"La Constitution européenne : vers de beaux lendemains ?" par Alexandre KEBABDJIAN
mardi 7 septembre 2004
Plus de 50 ans après le début de la construction européenne, l'élargissement de l'Union Européenne à 25 membres a rendu nécessaire la restructuration institutionnelle et une cohésion politique au sein de l'UE. L'instauration d'une Constitution semblait l'étape essentielle vers ce consensus. Après l'émergence de ce débat lors de la conférence intergouvernementale de Nice en décembre 2000, la décision d'une Convention sur la Constitution lors du Conseil européen de Laeken en décembre 2001, l'examen par les 25 du projet de Constitution européenne au sommet de Thessalonique les 19 et 20 juin 2003, le projet de traité Constitutionnel a finalement été adopté à l'unanimité par les 25 chefs d'Etat et de gouvernement lors du Conseil européen de Bruxelles des 17 et 18 juin 2004.
La mise en place d'une Constitution dans l'UE25 est encore difficile, et les oppositions au sein des pays membres rendent délicate l'adéquation entre une Constitution supranationale et des systèmes internes spécifiques. Les défenseurs d'une approche intergouvernementale comme la Grande-Bretagne et les partisans d'une intégration européenne plus poussée telle l'Allemagne opposent deux vocations européennes différentes : l'Europe espace et l'Europe puissance. Or les 10 pays nouvellement entrés, avec 75 millions d'habitants dans un total de 454,9 millions pour l'UE25, redoutent la supériorité du couple franco-allemand et pointent du doigt l'inégalité entre "petits" et "grands" dans les institutions européennes. C'est le cas de la Pologne, de la Slovaquie, de la Lituanie et de Chypre, assez proches des positions anglaises et souhaitant respecter le point d'équilibre du traité de Nice. Le renforcement institutionnel leur fait craindre une amplificaion des inégalités entre petits et grands pays, qui rendrait le couple franco-allemand prédominant.

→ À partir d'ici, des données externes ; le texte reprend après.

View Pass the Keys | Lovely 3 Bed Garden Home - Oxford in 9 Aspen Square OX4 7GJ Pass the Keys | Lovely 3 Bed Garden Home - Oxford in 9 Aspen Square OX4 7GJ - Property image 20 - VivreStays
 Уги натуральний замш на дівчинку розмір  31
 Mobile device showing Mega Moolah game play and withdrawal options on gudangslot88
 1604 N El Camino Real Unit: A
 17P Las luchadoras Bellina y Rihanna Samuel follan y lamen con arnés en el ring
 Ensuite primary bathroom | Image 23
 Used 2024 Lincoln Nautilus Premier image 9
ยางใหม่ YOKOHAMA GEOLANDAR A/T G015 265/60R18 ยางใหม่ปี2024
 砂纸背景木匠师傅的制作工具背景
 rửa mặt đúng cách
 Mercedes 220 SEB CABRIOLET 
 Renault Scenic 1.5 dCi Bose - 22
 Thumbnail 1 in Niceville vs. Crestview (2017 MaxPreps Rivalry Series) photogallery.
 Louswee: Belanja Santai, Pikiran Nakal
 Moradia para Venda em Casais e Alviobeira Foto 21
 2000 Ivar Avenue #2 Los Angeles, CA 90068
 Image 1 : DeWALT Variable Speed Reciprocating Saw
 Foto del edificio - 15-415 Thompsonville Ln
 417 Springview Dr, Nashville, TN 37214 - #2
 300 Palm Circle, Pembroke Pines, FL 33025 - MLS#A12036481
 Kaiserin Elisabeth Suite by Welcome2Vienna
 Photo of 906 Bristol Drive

Au regard de l'inclusion ou non d'une référence religieuse dans la Constitution, les systèmes laïques comme le système français s'opposent aux autres pays, l'Espagne, l'Italie, l'Allemagne, la Pologne entre autres, dont la position rejoint celle du Vatican.
Quant à la ratification de la future Constitution dans les pays membres, elle est un problème ou un objectif selon les pays. En Allemagne, cette ratification repose sur la proposition de modification de la constitution allemande qu'entend présenter la majorité sociaux-démocrates/Verts au pouvoir, et qui doit être votée par les deux tiers des deux chambres du Parlement allemand. En France, le souhait présidentiel d'un référundum sur la Constitution est situé dans un climat d'incertitudes d'ordre politique ou idéologique.
Reste à savoir si la ratification de la Constitution dans les 25 pays de l'UE ne risque pas d'être reportée à une longue échéance, voire rendue difficile par les populations des pays membres. Dans un souci de renforcement démocratique de l'UE, les 25, qui ont adopté le traité constitutionnel, n'ont pas intérêt à l'imposer à des populations réticentes. A l'inverse, s'ils passent par une consultation des européens, le refus populaire du traité constitutionnel dans un ou plusieurs pays de la Communauté porterait un sévère coup à l'image de l'UE et à la construction européenne, ou à la faisabilité d'un Etat européen. L'Europe passerait d'un déficit démocratique à un déficit de légitimité.